Search code examples
pandaspython-imaging-librarystringiopytesser

Convert pytesseract string output to pandas df


I have been given receipts from Subway detailing sales, workers, etc throughout the day and need to extract the data for a management class.

I took pictures of the receipts and processed them with pytesseract into a string separated by \n but now don't know how to use pd.read_csv and StringIO to transform it into a dataframe. Don't if this is the best way to go about it. Also may need to edit the image using cv2 so that it processes better.

import numpy as np
import pytesseract
from PIL import Image
import pandas as pd

path = 'C:\\attachments\\'

monday = pytesseract.image_to_string(Image.open(path+'file1-1.jpeg'),lang='eng')
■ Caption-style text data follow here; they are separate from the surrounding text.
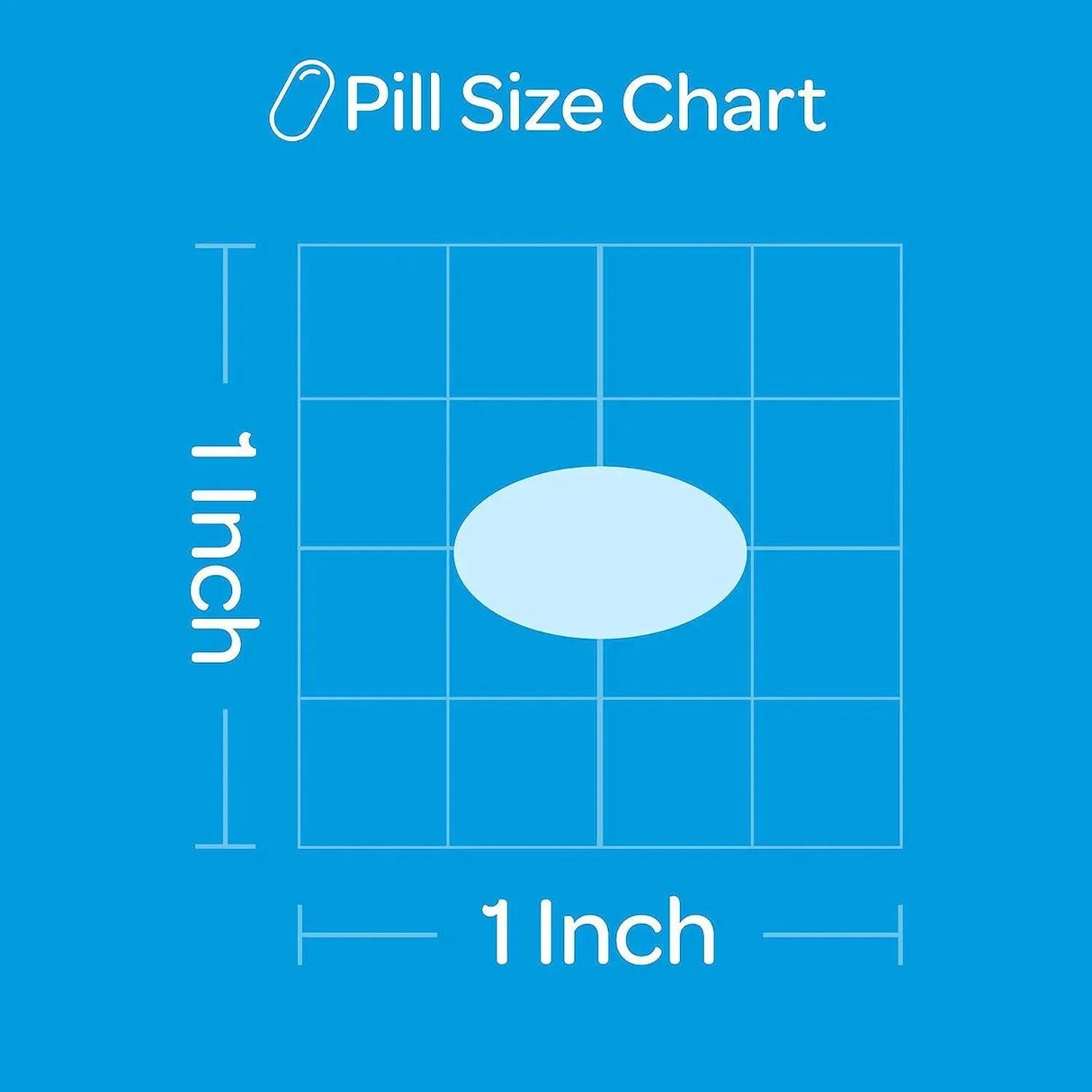 PURITAN'S PRIDE - Puritan's Pride Red Yeast Rice 600Mg. 240 Capsulas - The Red Vitamin MX - Suplementos Alimenticios - {{ shop.shopifyCountryName }}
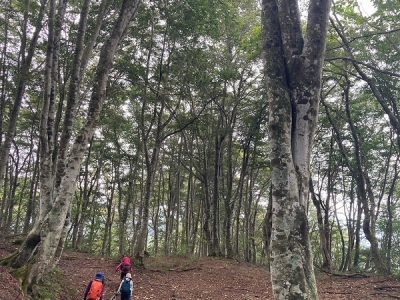 土蔵岳（つちくらだけ）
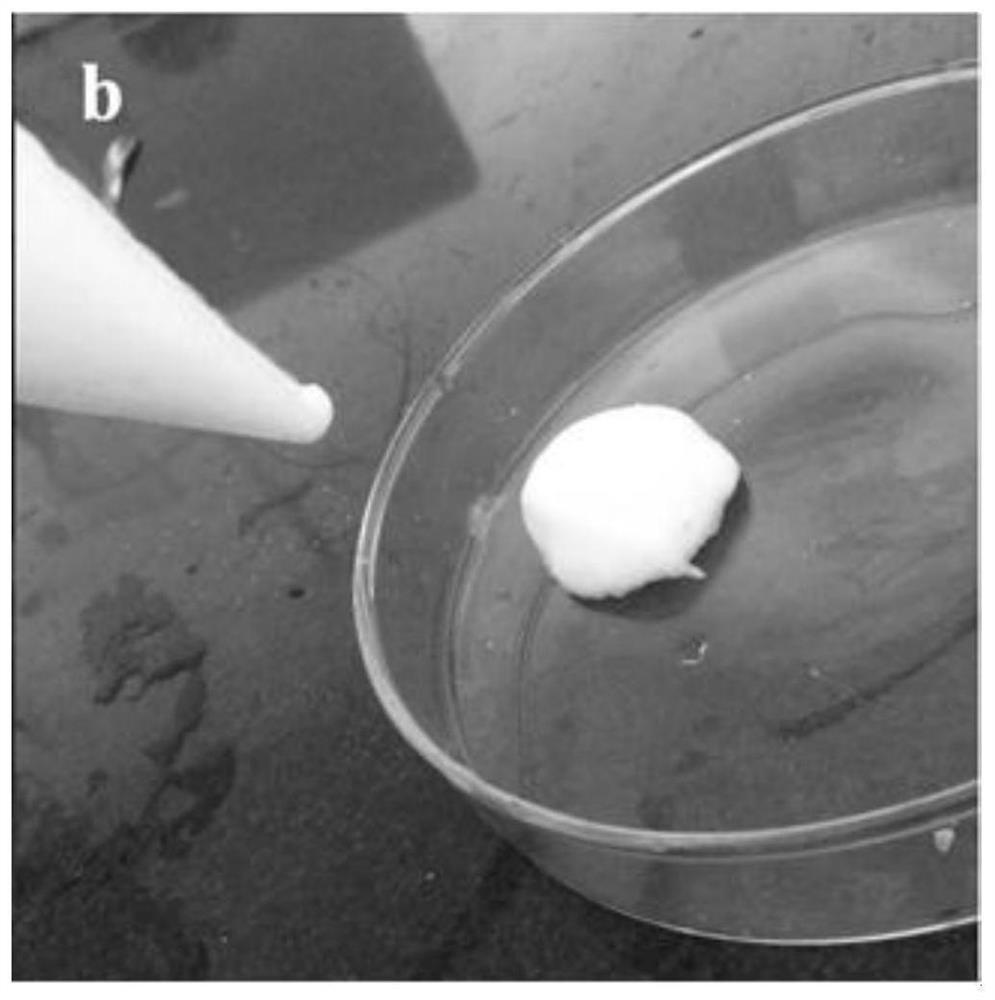 A kind of quick-drying quick-flammable sealing glue and its preparation method and application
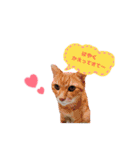 栢木Family stamp◎（個別スタンプ：16）
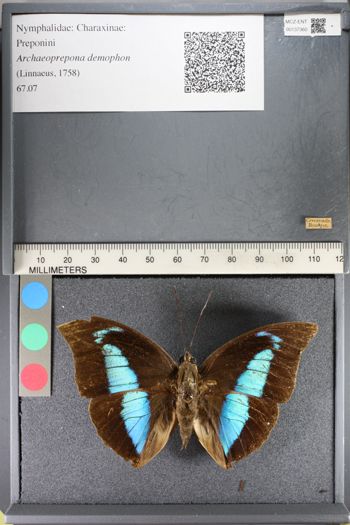 Media type: image;   Entomology 137360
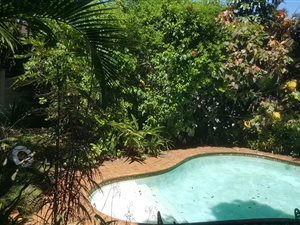 3 Bed Apartment in Morningside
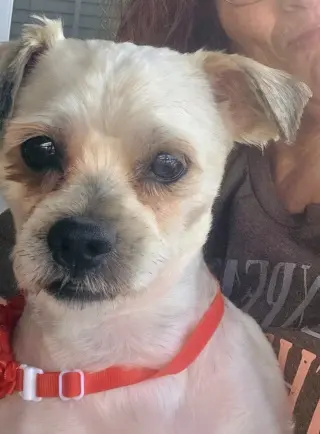 SHIH TZU ACE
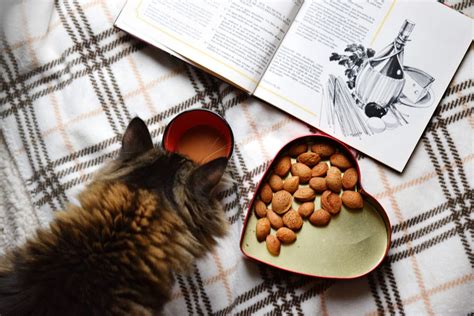 Cat food is food for consumption by cats. Can Cats Eat Peanut Butter? The Truth Behind Nuts, Nut ...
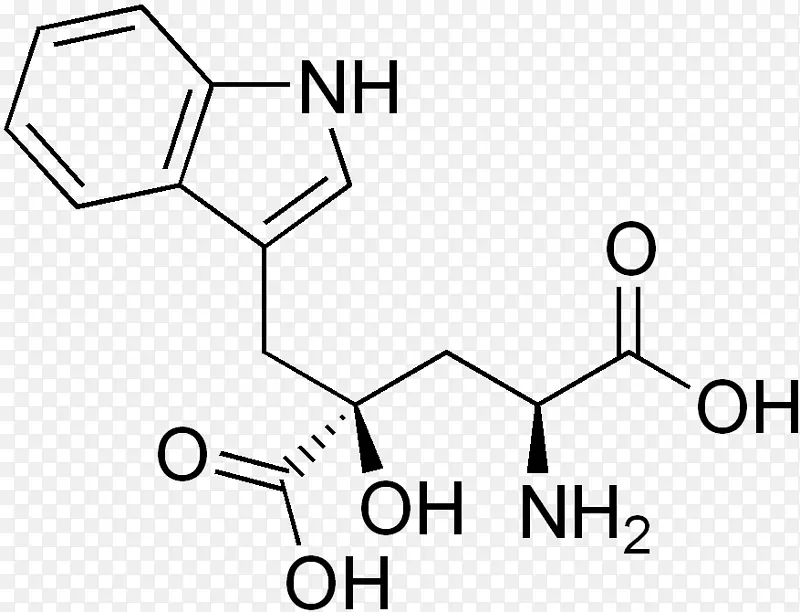 ��������װ�����ʳ����������������-���ǻ���-������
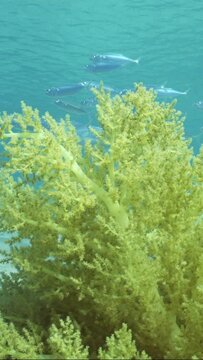 Vertical video, Soft coral Yellow Broccoli or Broccoli coral (Litophyton arboreum) on sandy seabed on sunny day, shoal of mackerel swims in background, Slow motion, Moving forwards approaching coral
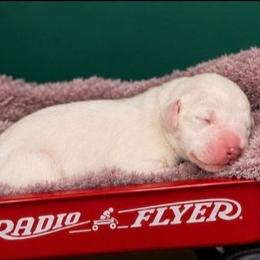 Baby girl - White and black female Dalmatian puppy in Blackfoot, Idaho from Fairytail Dalmatians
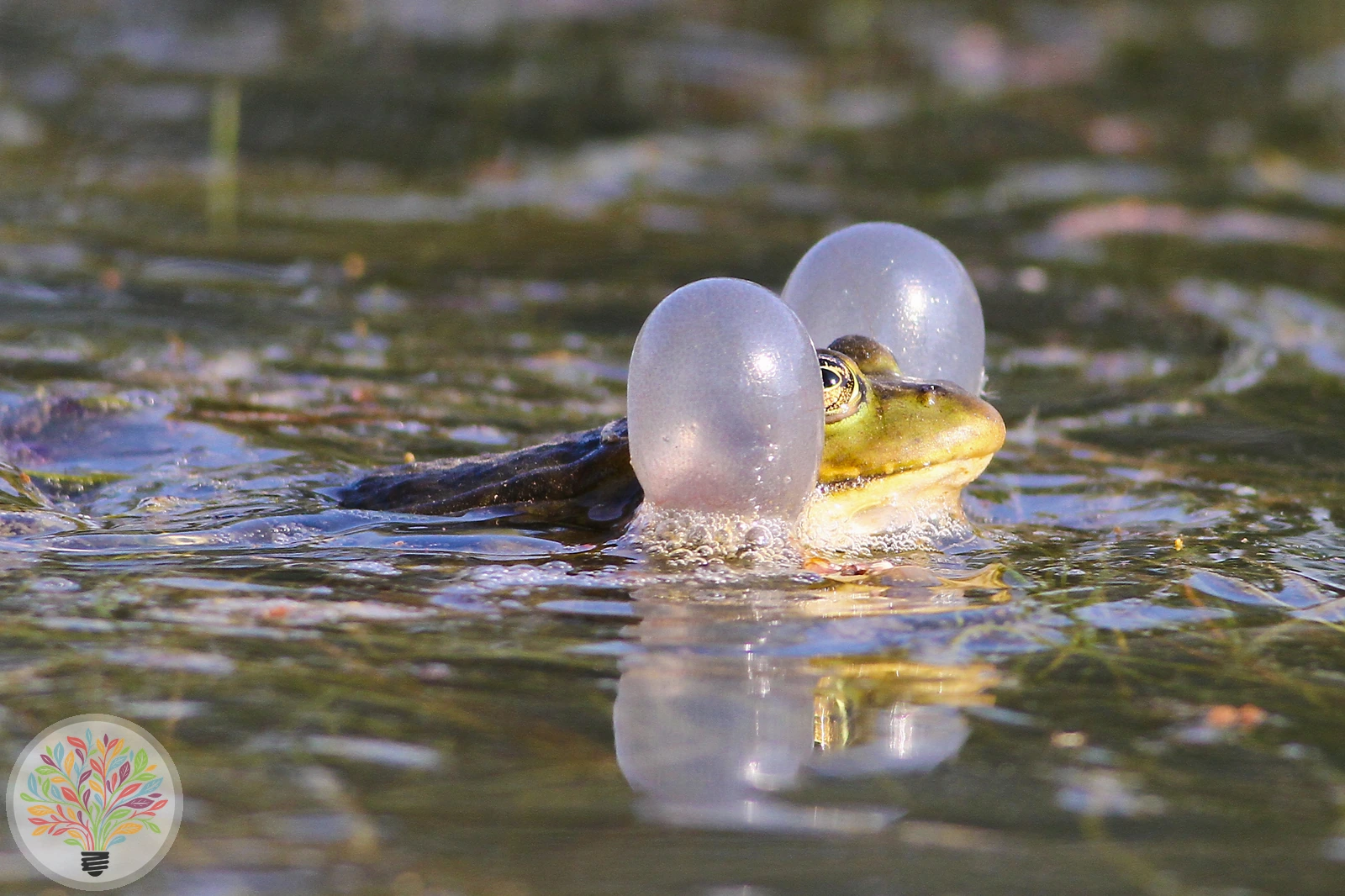 Grasfrosch – Bild 5 von 6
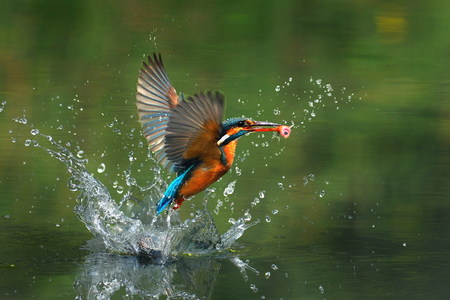 海島人-地景與生態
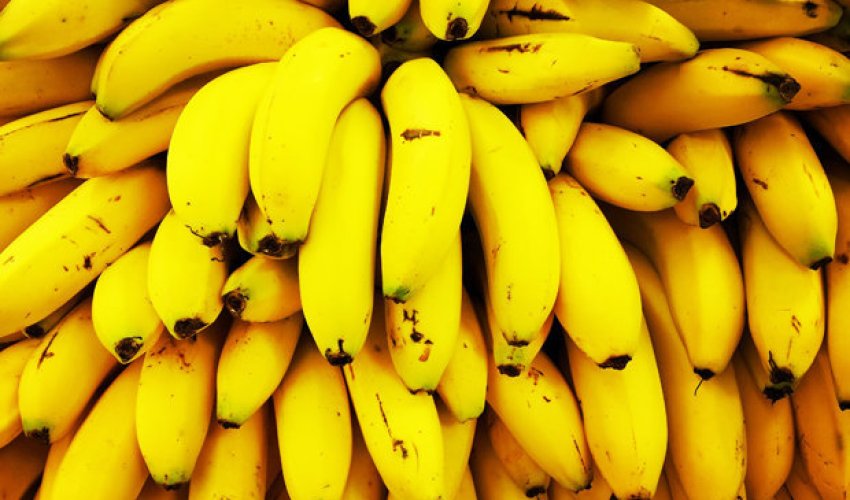 Bananas may be about to become EXTINCT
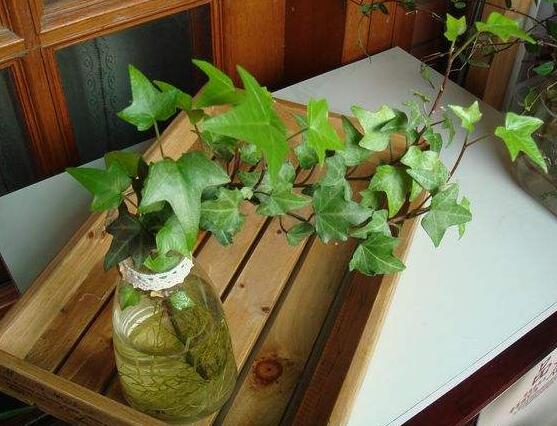 水培常春藤的養(yǎng)殖方法，老農(nóng)總結(jié)的簡(jiǎn)單易學(xué)三部曲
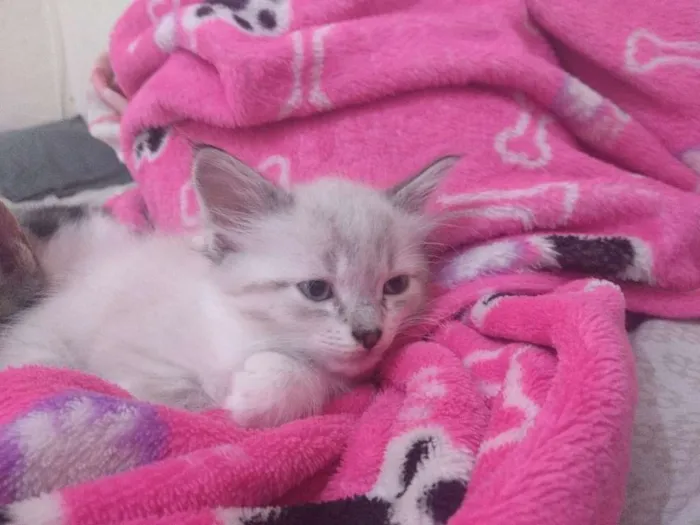 Gato ra a Sem raça idade Abaixo de 2 meses nome Filhote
from StringIO import StringIO
mon = pd.read_csv(StringIO(monday),sep=r'\s',lineterminator=r'\n')
print(mon)

This is some of the variable monday currently.

"\nTIME HOURS :\nPERIOD SALES UNITS WORKED PROD SPLH\nZhan emmoo «Ct (iti ;:t‘«é‘«‘i CSD\n3A-4A $0.00 0 0 0 $0.00\n44-54 =: $0.00 SssOO 0 0 $0.00\n5A-6A $0.00 0 0 0 $0.00\nbA-7A $0.00 0 0 0 $0.00\n7A-BA =s«$0.00-Sss«OOs«*O0.80 0 $0.00\nBA-9A 60,00 . Qge2.00 0 $0.00\nQA-10A $33.68 6 2,00 3.00 $16.84\n104-114 $61.07 9 2.13 4.23 $28.67\n11A-12P$238.82 33 5,00 6.60 $47.76"

It should look like this as a dataframe:

Period Sales Units Worked Prod SPLH
3A-4A  $0.00  0      0     0   $0.00
bA-7A  $0.00  0      0     0   $0.00

Solution

  • You may get the results from tesseract directly into a Pandas dataframe:

    monday = pytesseract.image_to_data(Image.open(path+'file1-1.jpeg'),lang='eng', output_type='data.frame')
    

    Now monday is a dataframe which, however, needs more processing from you, as it contains at least a row for each level in the hierarchy. Check the output and see how you wish to organize it.